Research reveals no distinctions in the effects of dementia care methods on patient behavioral issues or caregiver stress levels.
In a significant development for the healthcare industry, the D-CARE study has been associated with the new Medicare Guiding an Improved Dementia Experience (GUIDE) program. Funded by the Patient-Centered Outcomes Research Institute (PCORI) and the National Institute on Aging (NIA), this comprehensive study was led by investigators at the University of California, Los Angeles, with data management and statistics performed by the Yale Data Coordinating Center.
The study, published in the peer-reviewed Journal of the American Medical Association (JAMA), was conducted at four clinical sites: Atrium Health Wake Forest Baptist, Baylor Scott & White Health, the University of Texas Medical Branch, and Geisinger Health. Participants were randomly assigned to one of three groups: health care system-based care delivered by Dementia Care Specialists, community-based organization-based care delivered by Care Consultants, or usual care.
The D-CARE study is the largest evaluation, to date, of different approaches to providing dementia care. It comprised 2,176 persons with dementia and their caregivers and was conducted from June 2019 to August 2023.

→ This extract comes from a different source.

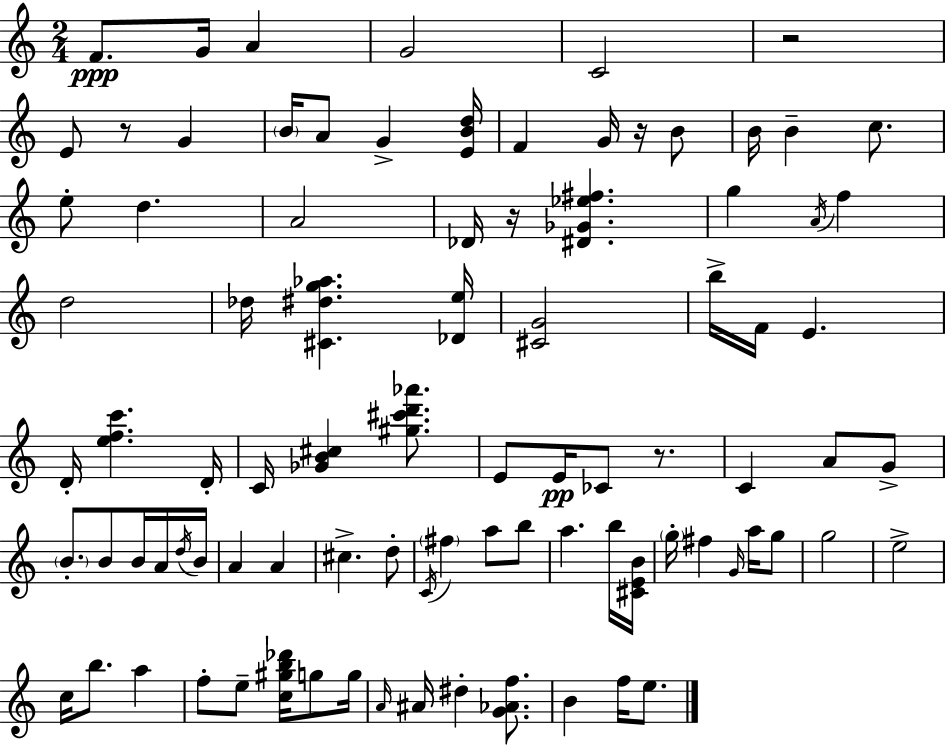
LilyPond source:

The study's findings highlight the complexities of comparing dementia care models in a real-world setting, particularly during the COVID-19 pandemic. While the effects of the interventions on health care utilization are still pending, the study suggests that while health system and community-based dementia programs may not outperform routine care in reducing caregiver strain or managing patient behaviors, these programs help caregivers navigate the challenges of dementia care more effectively.
One of the key findings of the study is the improvement in caregiver self-efficacy. Caregiver self-efficacy, a measurement of caregivers' confidence in managing dementia-related challenges and accessing support, improved in both the health-system and community-based care approaches and was rated higher than in those receiving usual care. This improvement was observed within 6 months of care delivery and remained consistent throughout the study.
The D-CARE study's additional funding includes support from the Yale Program on Aging/Claude D. Pepper Older Americans Independence Center (P30AG021342), The National Center for Advancing Translational Science (NCATS), The Mexican Health and Aging Study (R01AG018016), The UTMB Claude D. Pepper Older Americans Independence Center (OAIC) (P30 AG024832), The Dewey and Cynthia Robertson Fund for Wake Forest Geriatrics, and the Wake Forest Alzheimer's Disease Research Center (P30 AG049638).
For more information about the D-CARE study and its findings, please visit https://www.dcare-study.org/. If you have any queries regarding the study, you can contact Dr. David Reuben, the principal investigator of the study, who is Archstone Professor of Geriatrics at the David Geffen School of Medicine at UCLA. His email is [email protected].
The D-CARE study's findings have significant implications for healthcare systems, medical groups, community-based organizations, policymakers, and insurers working to improve dementia care. As the population ages and the prevalence of dementia continues to rise, understanding the most effective ways to provide care for those with dementia and their caregivers is of paramount importance. The D-CARE study provides valuable insights into this critical area of healthcare.